It was a beautiful day in Neovia.
The sun was shining.
The birds were chirping.
A gentle breeze was blowing through the long green grass.
And Benjamin Hallcroft Evans, apprentice tailor, was not happy at all.
He sighed, resting his elbows on his knees. He know that he should be enjoying such a beautiful, sunny day- weather such as this in the Haunted Woods was rare. He could see his sister, Annabel, playing with her friends not too far away, enjoying the rare sunshine. But no matter how hard he tried, Ben just couldn’t get into the spirit of the moment. There were a dozen other things weighing on his mind.
His birthday, for example.
As far as the blue Lupe could remember, his birthdays had never been very enjoyable affairs. Every time a new year came around, it seemed to carry a new responsibility- looking after his sister on weekdays, going to school. Getting apprenticed to that penny-pinching old miser, Levi.

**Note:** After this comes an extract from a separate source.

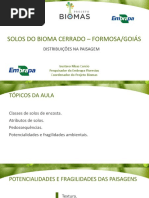 Aula 6_solos Do Cerrado - Formosa_goias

He heaved a sigh. No, his birthdays never seemed to be very happy at all. And now that number sixteen was looming around the bend, Ben was sure that there was an unpleasant surprise in store. He wondered what it was for a moment, then forced that subject from his mind.
Best not to dwell on it, he decided. These sorts of things have a nasty habit of doing exactly what you don’t expect. If I expect something, then I’ll probably wind up with something much worse.
He turned his eyes to the sky, squinting at the sun. Well, it can’t be much worse than the time Aunt Lynne came to visit. He smiled in spite of himself. Eleven, his parents had decided, was old enough to be entrusted with his very first sword. Ben nearly impaled his aunt in a misplaced thrust before they decided it would be best if he received lessons- even four years later, after months of practice sessions, he had never really gotten the hang of it. To tell the truth, he was an atrocious swordsman.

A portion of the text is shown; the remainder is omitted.